Print out the data that follows exactly, character for character, apart from the pictures.

[Records provided — start]

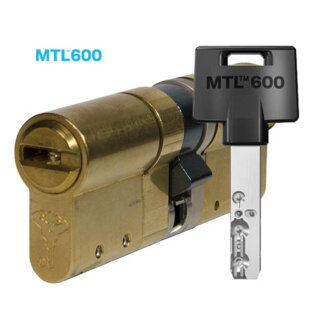 MTL600 Mul-T-Lock цилиндр с перекодировкой (4+1+1) L 76 UФ (45х31U) кл/дл.шток (латунь)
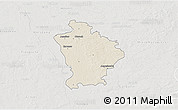 Shaded Relief 3D Map of Otwock, lighten, semi-desaturated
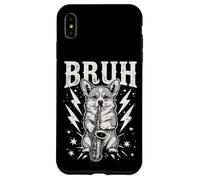 Rockstar Corgi Saxophone Meme Funny “BRUH” Lightning Dog Custodia per iPhone XS Max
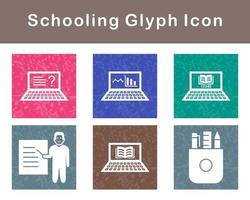 Schooling Vector Icon Set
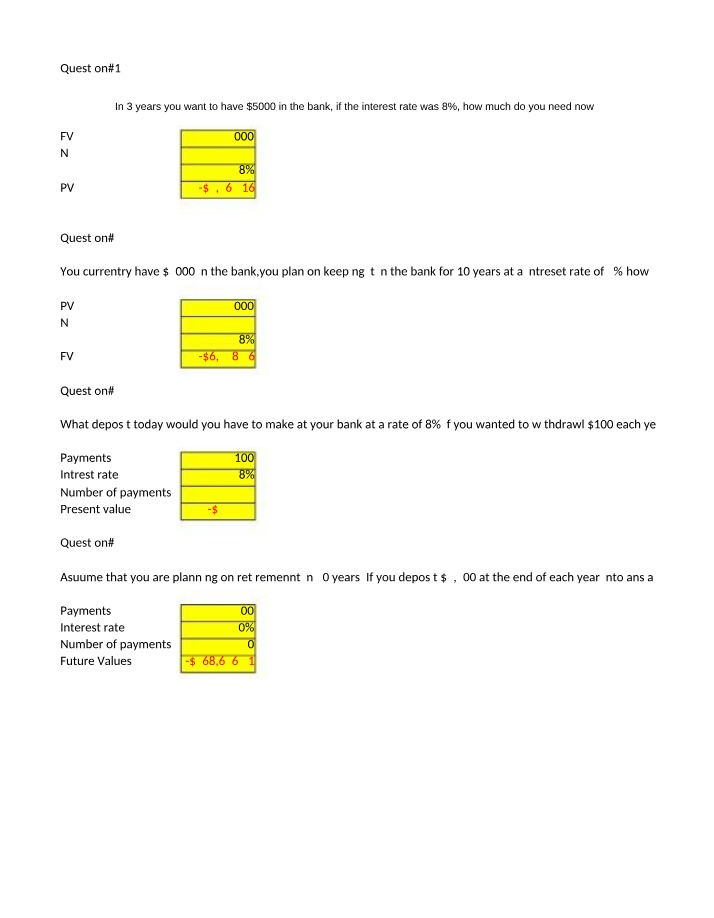 Present Value Calculation - $5000 in 3 Years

[Records provided — finish]

Response to the exercise.
 MTL600 Mul-T-Lock цилиндр с перекодировкой (4+1+1) L 76 UФ (45х31U) кл/дл.шток (латунь)
 Shaded Relief 3D Map of Otwock, lighten, semi-desaturated
 Rockstar Corgi Saxophone Meme Funny “BRUH” Lightning Dog Custodia per iPhone XS Max
 Schooling Vector Icon Set
 Present Value Calculation - $5000 in 3 Years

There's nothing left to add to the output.